Extracted information
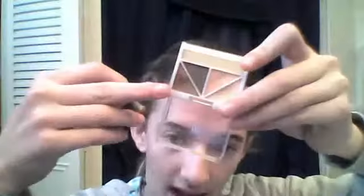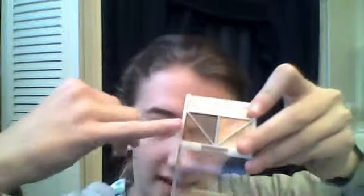Now what we want to do is just take the little tip of your brush, or the little pad thing that comes with it, and just get the tip of the dark color — I'm using this color.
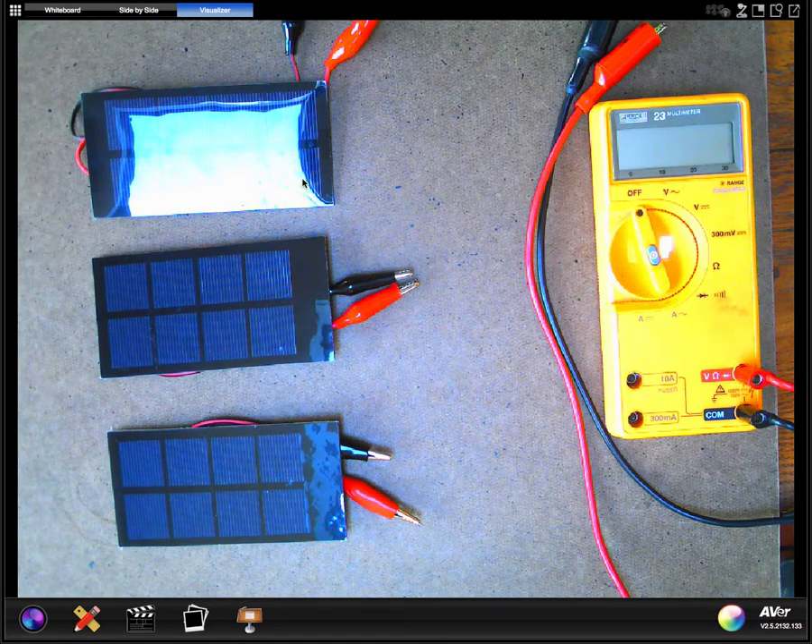Hey folks, this is Mr. Scott and today's going to be our first virtual environmental science lab. The lab we're going to do today is electrical circuits in series.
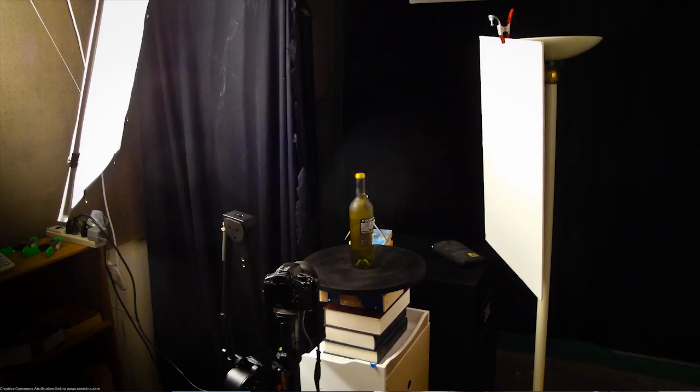Perhaps in another video I'll show you in more depth how I lit it and how I used the slider, but just really quick — I used one $25 halogen work light I bought years ago and one bounce card. That's pretty much it, I'll talk to you guys later. Bye.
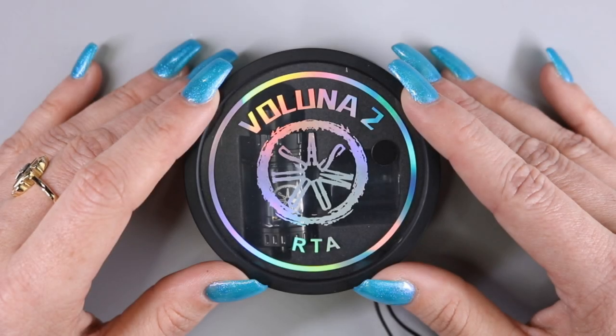Today we're going to be taking a look at the Valuna 2 RTA by Asmodus. This product was sent to me for the purpose of this review.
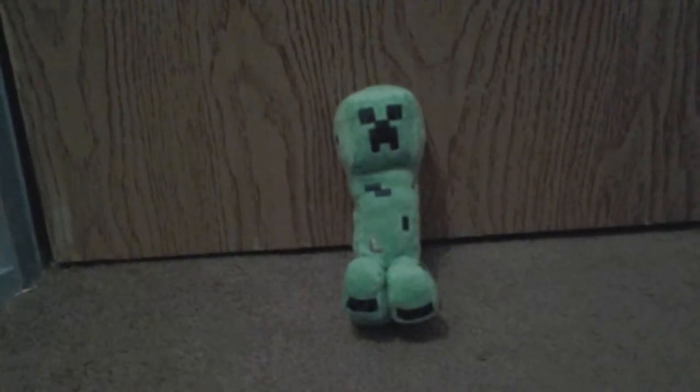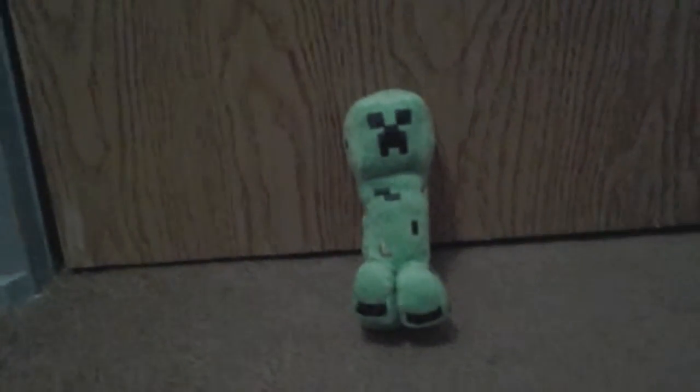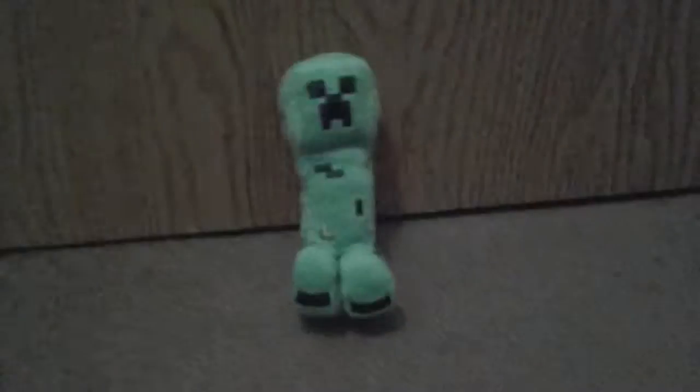Here's my Minecraft Creeper plush that I bought with my birthday money at Walmart for ten dollars. He's pretty great. He has his original creeper face, his toenails in kind of a checkered pattern, and he has his texture.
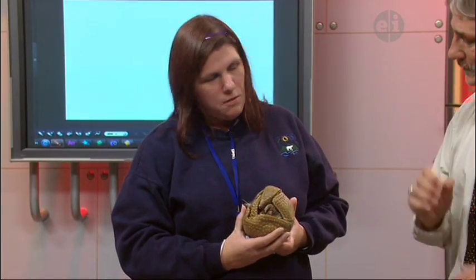Well, this is Doug. He's a southern three-banded armadillo, and he's not going to hurt you, so you don't have any reason to be afraid. Thank you, Tina. Now I feel better.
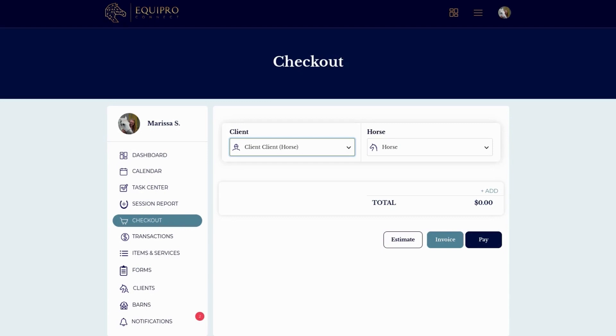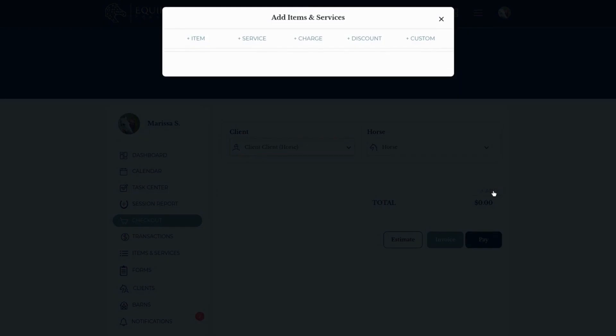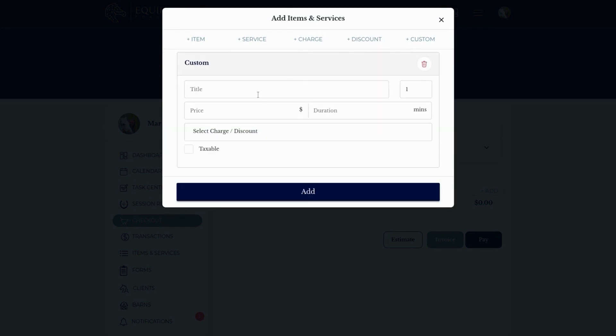Every once in a while you might find yourself in a position where you need to check someone out and charge them for something that you don't usually charge for. I typically find myself in this position when I'm at a show. To get around having to add this one-time thing to your item or service library, all you have to do is select custom.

Exercise
Pictures are to be left out, and each line from the one that contains "Today we're going" through the end of the listing is to be copied exactly.

Result of this exercise
Today we're going to be taking a look at the Valuna 2 RTA by Asmodus. This product was sent to me for the purpose of this review.
Here's my Minecraft Creeper plush that I bought with my birthday money at Walmart for ten dollars. He's pretty great. He has his original creeper face, his toenails in kind of a checkered pattern, and he has his texture.
Well, this is Doug. He's a southern three-banded armadillo, and he's not going to hurt you, so you don't have any reason to be afraid. Thank you, Tina. Now I feel better.
Every once in a while you might find yourself in a position where you need to check someone out and charge them for something that you don't usually charge for. I typically find myself in this position when I'm at a show. To get around having to add this one-time thing to your item or service library, all you have to do is select custom.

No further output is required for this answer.